Thanks Brian. Dont care if the front drops a bit, I just dont know if it will feel like an elephant sitting on my hood when turning slow n such with a 900+ pound plow. My snow prep came with 5600 springs instead of the 5200 normal ones.


----------



## Brian Young (Aug 13, 2005)

nickjr000;1312113 said:


> Thanks Brian. Dont care if the front drops a bit, I just dont know if it will feel like an elephant sitting on my hood when turning slow n such with a 900+ pound plow. My snow prep came with 5600 springs instead of the 5200 normal ones.


You'll be fine with that! The only reason we added different front springs is we had a back drag edge on it which added about 85 more lbs to it. One thing we do is not drive with the plow in complete "V" position, bump it out a few inches. All the uneven roads around her are hell on a plow.


----------



## Brian Young (Aug 13, 2005)

Back the train up! I didn't see it was a diesel, Dual Survivor is on and I looked up,lol. IDK, those front springs are pretty small when adding a plow AND carrying the weight of a diesel. One thing thats nice, front springs are fairly cheap to buy and install.


----------



## nickjr000 (Mar 28, 2011)

I already switched the springs up 1 level. The stock springs were only 5200's. So i looked up the spring thats included with the plow prep, it was 5600's so i put them on.


----------



## fatheadon1 (Dec 27, 2007)

i have a 2011 f350 with plow prep witch makes your 250 the same as mine when it comes 2 the frontend/ you should have 6000lbs springs witch even with a diesel will be fine. i hang a wide out off the front of mine and do a lot of driving from site 2 site the truck drives and stops fine. as for ballast i runn about 1500 in the bed so i can plow in 2wd 90% of the time


----------



## nickjr000 (Mar 28, 2011)

I was going to switch to the 6000 springs. But i took the vin# off 2 other trucks same as mine ( but with snow plow prep from dealer) and they both had the 5600# spring. I dont know. If u do the plow selector on meyers site u can put a 1000# 9.5' v2 on the truck.


----------



## 2COR517 (Oct 23, 2008)

Put a thousand pounds in the back behind the rear axle, you won't even know the plow is there.


----------



## Super Mech (Sep 6, 2011)

Brian Young;1312118 said:


> You'll be fine with that! The only reason we added different front springs is we had a back drag edge on it which added about 85 more lbs to it. One thing we do is not drive with the plow in complete "V" position, bump it out a few inches. All the uneven roads around her are hell on a plow.

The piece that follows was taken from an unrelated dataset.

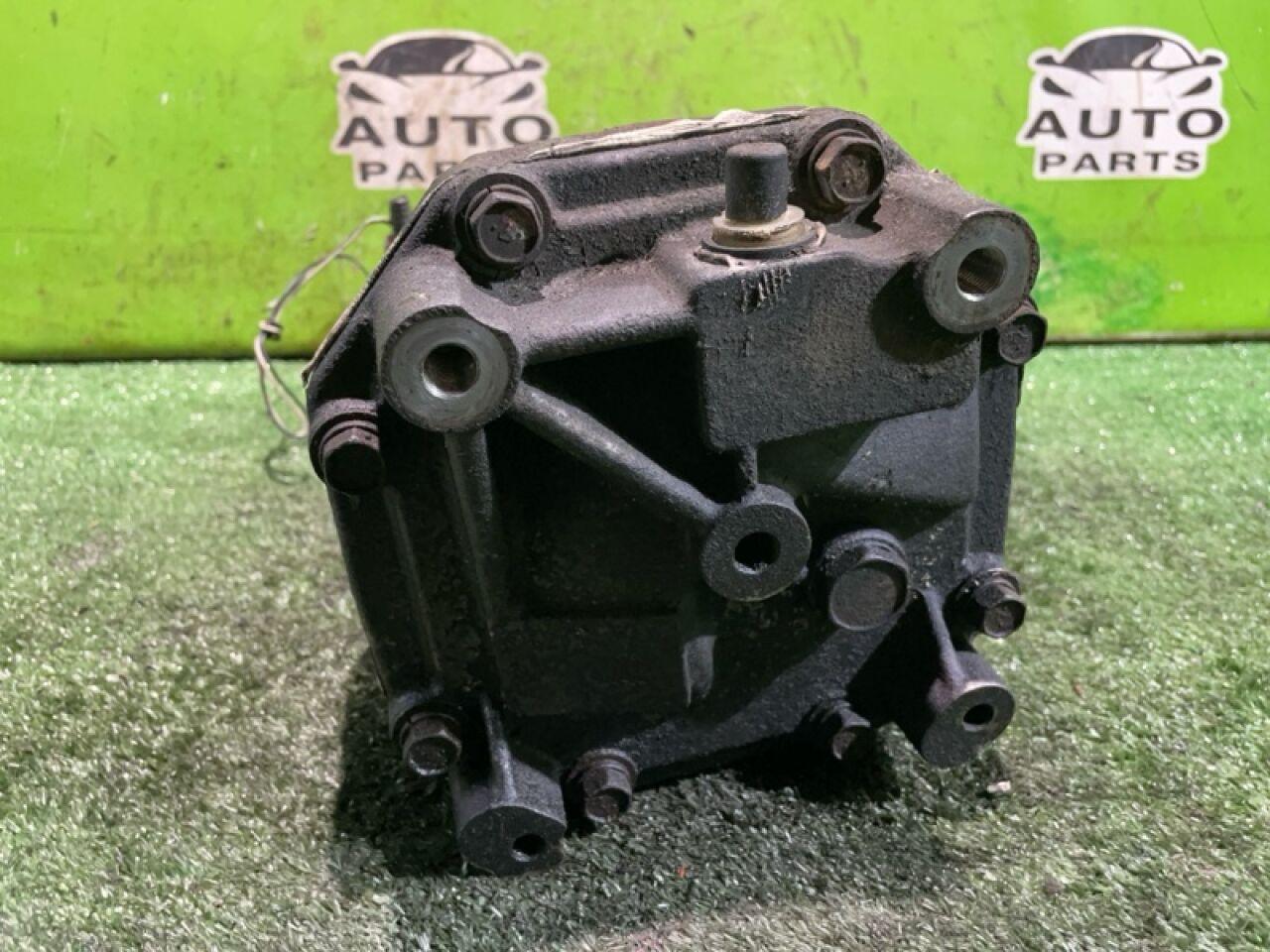 Редуктор задний MITSUBISHI GRANDIS NA4W 4G69 MN161075 3 ракурс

May I ask where you got the back drag edge from? I want to get one for my Fisher 8' HD.


----------



## nickjr000 (Mar 28, 2011)

Think im gonna go with the V. Have a date for tuesday to mount it, any other input before i go?


----------



## Brian Young (Aug 13, 2005)

Super Mech;1312331 said:


> May I ask where you got the back drag edge from? I want to get one for my Fisher 8' HD.


Well Fisher makes one but this was a prototype from Backdrag Edge. I'm sure they produce them now.


----------



## swtiih (Nov 30, 2008)

What cab configuration is this Reg, Super, or Crew, short bed or longbed


----------



## nickjr000 (Mar 28, 2011)

Crew
Cab short bed


----------



## swtiih (Nov 30, 2008)

I would say you want the 6000lb springs on this if you put a 900lb plow on.
I'm surprised that the truck doesn't come stock with them seeing its a diesel and has the plow prep.


----------



## battersea rider (Apr 15, 2011)

I just mounted a 8.2 boss v on a 09 f250 sc v10 with 5200lbs front springs i measured the front wheel well with the plow up and down 1'' difference so i think with the diesel set up u should be fine


----------